I also find a lot of inspiration in materials, how loaded with meaning they can be and the different readings that can be created from combining various materials together.
-How does the local landscape and environment feed into your work?
As an artist I think it’s really important to respond to your environment. Whether that is subversive or literal I think traces of my surroundings are present within my work, mostly through sight specific interactions with nature. For example, with a recent artwork I wanted to create an interaction with butterflies that were native to a particular region in Perth W.A, as I was living there at the time. I knew I needed to do it in a very respectful and considered way. I have used dead butterflies in my work for many years and I thought it was time I looked at the whole life cycle. I suspended the living pupas inside a glass dome and timed it so they would hatch on opening night, then once they had hatched, they were released into the surrounding gardens.
-Can you talk about your style, what kind of process do you use and how has it developed over the years?
My father was a botanical illustrator; he used to teach my sister and I after school and on the weekends, I remember as a child he showed me a printed line under a microscope. It was made up of tiny single pixels.
This was the first time I began to explore the idea of using only dots to create a form.
The process of drawing I use is called stippling, each image is made of thousands of tiny dots.
It takes me around an hour to produce a 2 cm square, simply due to the fineness of the pen that I use and the weight of the mark it makes.
-What do you enjoy most about being an artist? What are the challenges?
I get the most enjoyment from the end result, from the audience interacting with and responding to the works.

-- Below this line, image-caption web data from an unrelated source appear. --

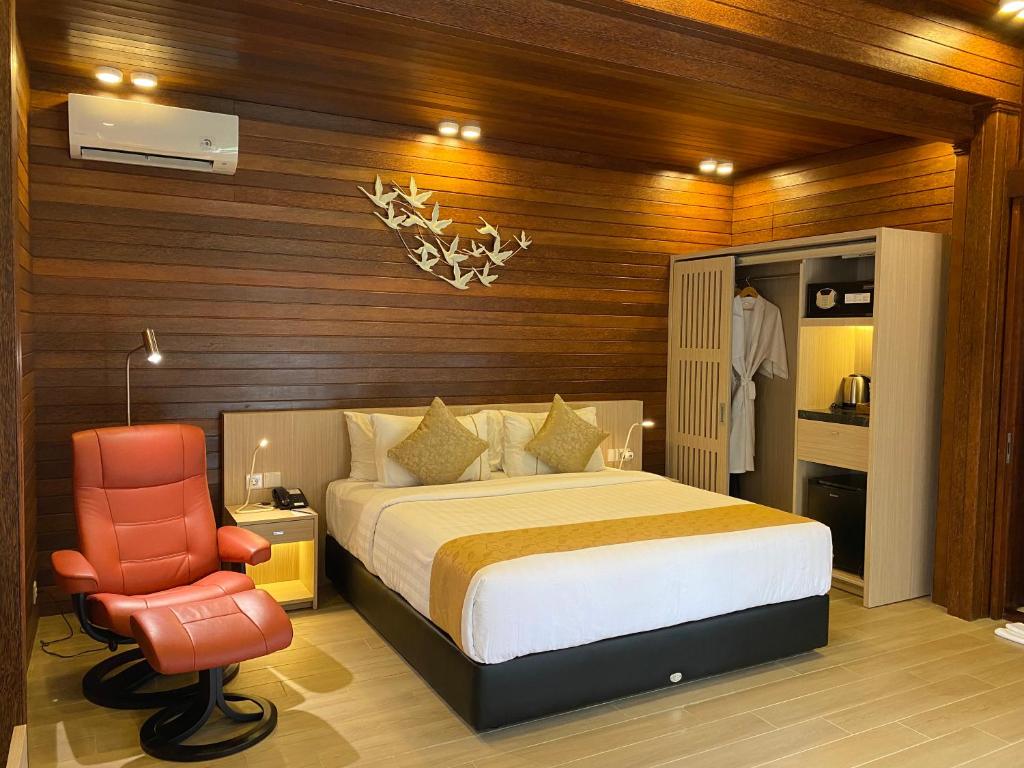 The Valerian Villa Ubud - 2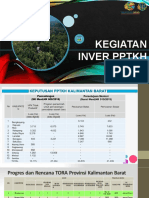 Data Pendukung TORA Kalbar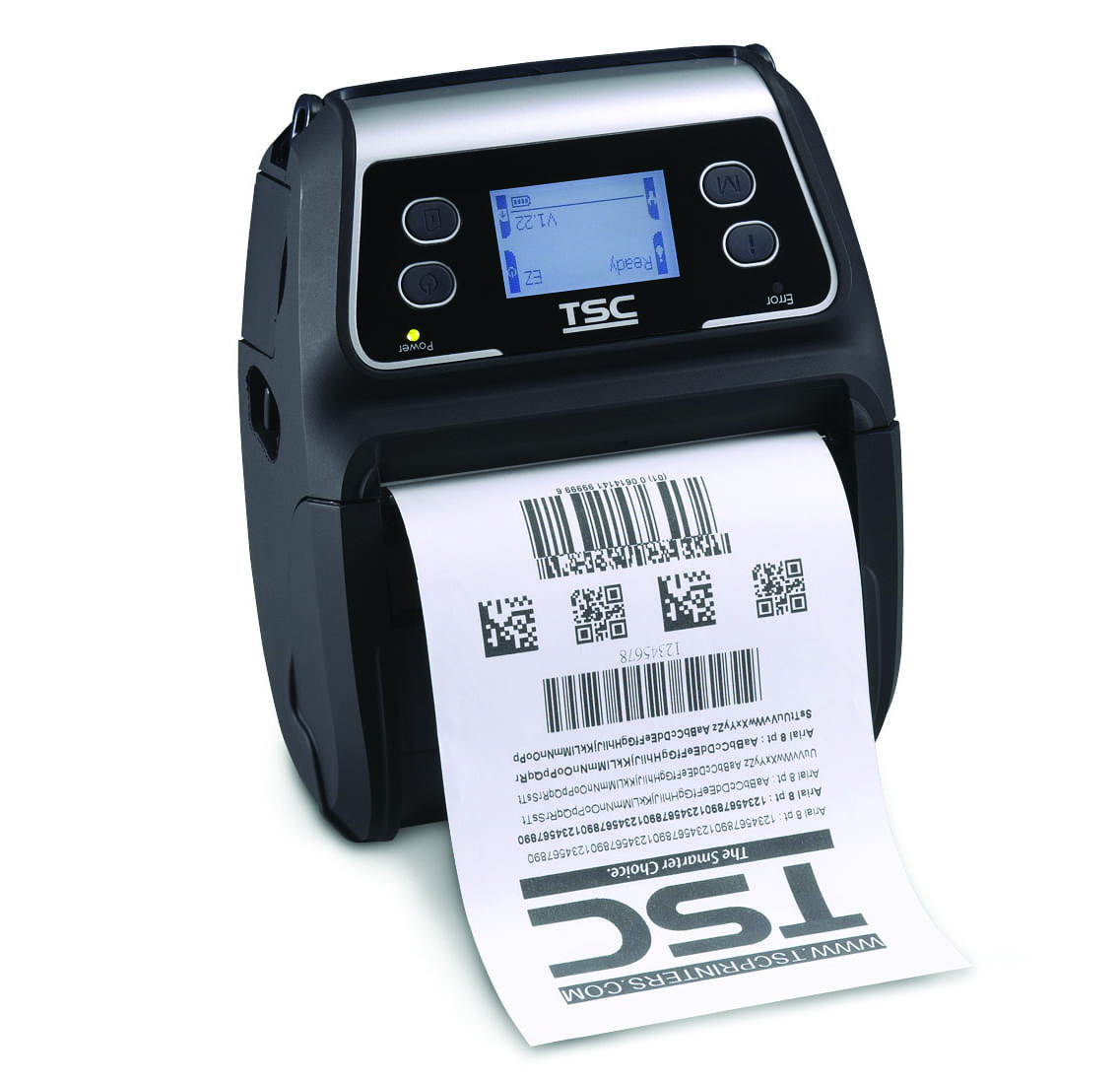 Принтер этикеток TSC Alpha 4L, 203 dpi, USB, Wi-Fi 99-052A031-0502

I enjoy discovering new process and pushing my practice to new creative levels. I also enjoy the refinement of a certain idea or technique.
The challenges are mostly time and money – and not having enough of either. Haha.
-Advice for aspiring artists?
I think with any creative industry, but particularly the arts, commitment and dedication are really rewarded in the long run. Even when it borders on obsession.
I would advise them to just keep making new work and to try and create something new every single day. Also to focus on their personal style and to strive to perfect their craft.